Today, Scotland’s Court of Session ruled that the UK Government’s veto of the Gender Recognition Reform (Scotland) Bill earlier this year was in fact lawful. In doing so, it rejected every argument put forward by the Scottish Government for its controversial legislation, which would have drastically altered the process by which someone can change their legal sex.
Overall, Holyrood argued that the UK Government’s use of Section 35 (blocking Royal Assent to the Bill) was an impermissible encroachment upon the separation of powers and an attack on the devolution settlement struck by the Scotland Act. The Court rejected this, noting that “far from being an impermissible intrusion upon the constitutional settlement, Section 35 is an intrinsic part of it.”
More specifically, the Scottish Government argued that the motivation for the Order made by Secretary of State for Scotland Alister Jack was political in nature: Scotland’s gender reforms would not adversely affect British equality law. The Court rejected this claim, noting that there was no evidence provided to support it.
The Scottish Government argued that the amendments proposed by the Bill only affect those who can obtain a Gender Recognition Certificate, but do not change how the document works in practice. For that reason, it argued that there would be no modification to the operation of the Equality Act.
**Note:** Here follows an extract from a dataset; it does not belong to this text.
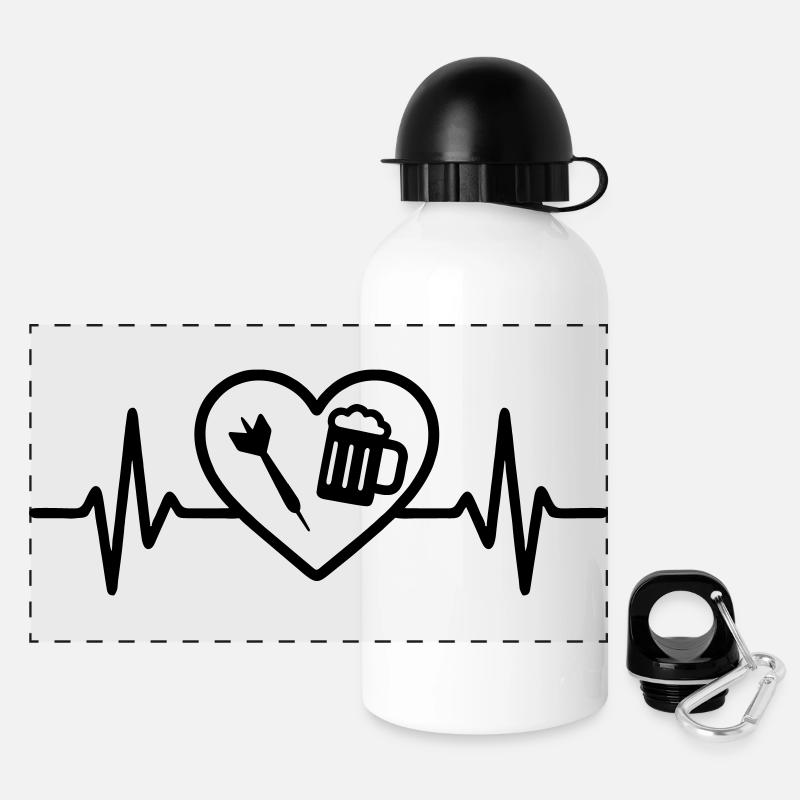 Bière Heart Darts - Gourde panoramique avec couvercle 500 ml - blanc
This was swiftly dismissed by the Court, with judge Lady Haldane noting that “[s]ince the whole purpose behind the Bill is to widen the category of those who may apply […] it cannot be asserted that the meaning overall of [the term sex in the Equality Act] has not changed, looked at objectively.”
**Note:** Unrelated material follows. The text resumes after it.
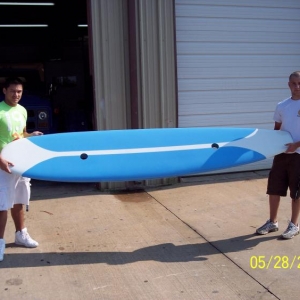 Surf board for woodie desk "roof" and the guys from the high school body shop class who painted it.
Once it was established that the GRR Bill would modify the operation of the Equality Act, the Court then had to ask whether Jack had reasonable grounds to conclude that this would produce adverse effects on the Act’s application.
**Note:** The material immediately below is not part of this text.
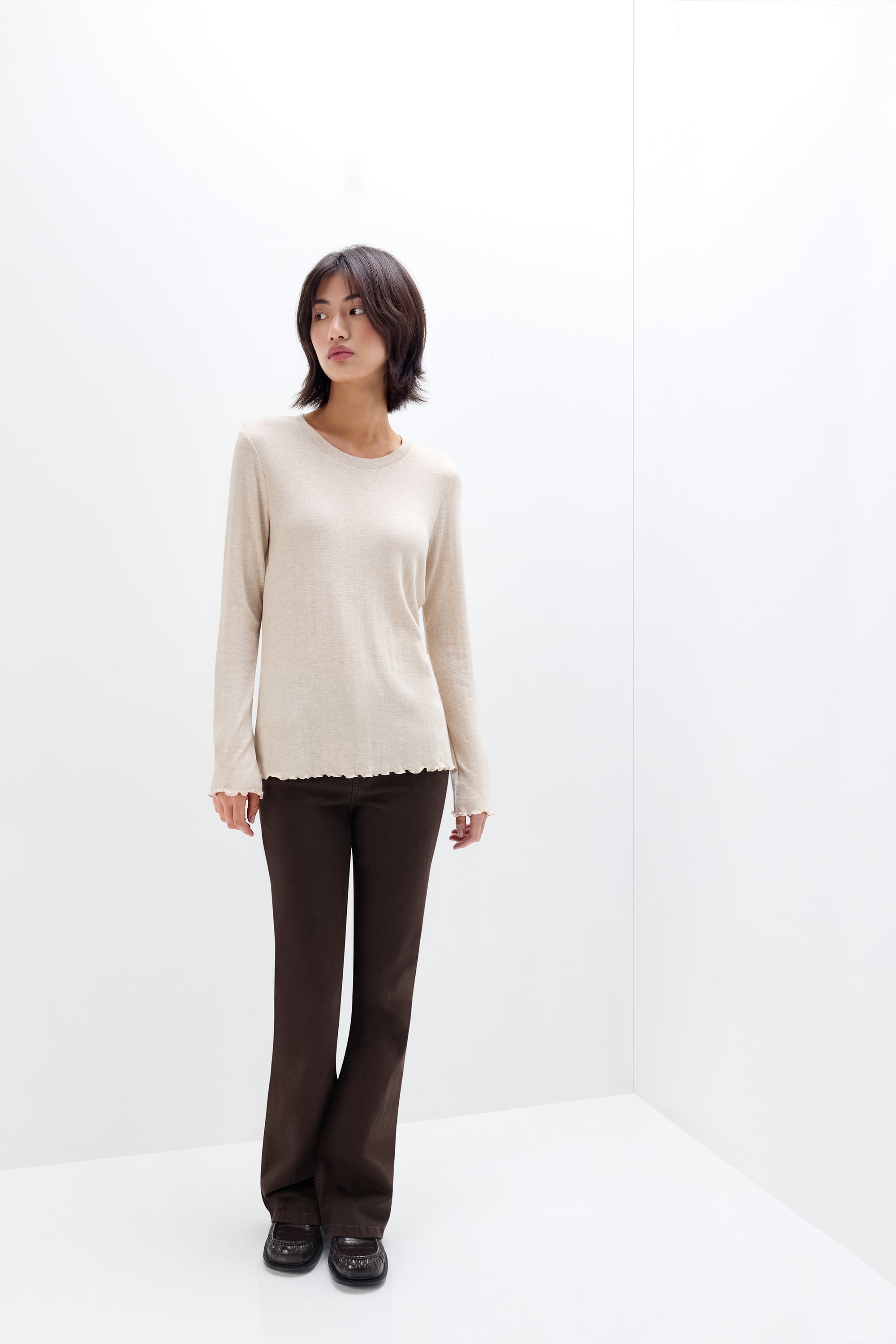 "Luxury Softness" モダール＆カシミヤ ロングスリーブ ニット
Here, Holyrood argued that the Court should engage in extensive scrutiny because the UK Government was in breach of the devolution settlement and was motivated by a policy disagreement, not concern for negative effects. Again, the Court rejected this contention as baseless. Jack had a degree of discretion to use the Section 35 power, if he met the legal tests set out in the Scotland Act: “Section 35 does not […] impact on the separation of powers or other fundamental constitutional principles. Rather, it is itself part of the constitutional framework.” That constitutional and political backdrop must be accounted for when assessing the lawfulness of the use of the power.
Finally, the Scottish Government argued that it was unreasonable for Jack to conclude that the GRR Bill would adversely affect the operation of the Equality Act by introducing self-ID. It suggested that the Scotland Minister did not adequately familiarise himself with the relevant facts and material before making the Order. The Court rejected this claim, too, noting that Jack had ample material before him and the Holyrood argument that this could not be trusted because it was compiled by Westminster’s Equality Hub was baseless.
The Scottish Government argued that the risk of fraudulent applications was an irrelevant consideration. This was also rejected, on the grounds that it would have been reasonable and lawful for the Secretary of State to consider when deciding whether to block the Bill or not.
The fundamental question the Court had to ask at this point was whether Jack acted reasonably: it concluded that that he had. Other decision-makers may have come to a different conclusion, but that does not render his decision unlawful.
Overall, this was a resounding defeat for the Scottish Government. What’s more, it was a vindication of the concerns that have been raised by feminist organisations for years and which have been, until recently, shamefully ignored.